We get the students to run routines like Roll2Dice() and record the outcomes. They find

   int outcome=Roll2Dice();
   frequency[outcome]=frequency[outcome]+1;

hard to understand, which isn't so surprising given that after 6 hours of practicals

  • a few students still don't know how to add 1 to a simple variable.
  • more than a few students have "no idea" how to write a line that "creates an array called frequency big enough to store 6 integers". I left one such student to read the documentation for a few minutes, but when I returned to him he was none the wiser. The Arrays section of the doc might be sub-optimal, but it can't be that bad - it's much the same as last year's.
Even those who do understand arrays have trouble with the code quoted above, though they're happy with
   int outcome=Roll2Dice();
   if(outcome==1)
      frequency[1]=frequency[1]+1;
   if(outcome==2)
      frequency[2]=frequency[2]+1;
   ...
I've tried to spell out a 2-page explanation of the shorter version as a Frequently Asked Question but some people don't understand that either. When the penny drops they sometimes remark "that's clever". Then they try to be too clever and do
    frequency[Roll2Dice()]=frequency[Roll2Dice()]+1;

wondering why it fails (they're calling Roll2Dice twice, so the RHS and LHS may refer to different array elements).
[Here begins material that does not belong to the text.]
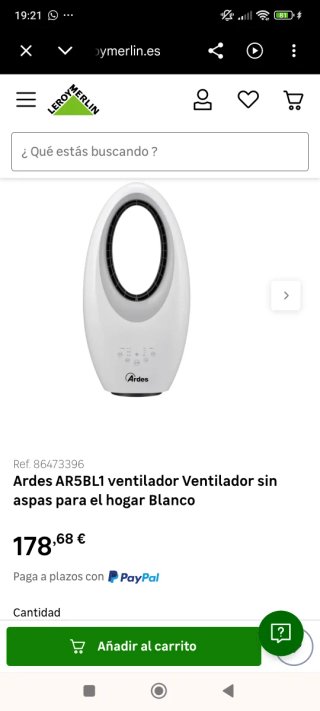 Ventilador Ardes sin aspas silencioso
Having fixed it they put the line in a loop. A few students do this

int tries=0;
while(tries<100) {
   int outcome=Roll2Dice();
   frequency[outcome]=frequency[outcome]+1;
   frequency[outcome]=0;
   tries=tries+1;
}

Why is frequency[outcome]=0; there? Well, one student said that it was in an earlier loop so they thought they'd better put it in this loop too.

In short, there are still many indications that a non-trivial minority of students are just fumbling blindly through. If anything, the changes to the course this year make it easier for demonstrators to identify the students with severe problems - it's harder for students to bluff their way through.

According to "Validating an instructor rating scale for the difficulty of CS1 test items in C++" (Lulis and Freedman, JCSC 27, 2 (December 2011)) "faculty members disagree amongst themselves as to the difficulty level of questions involving functions", much more so than for questions involving other topics.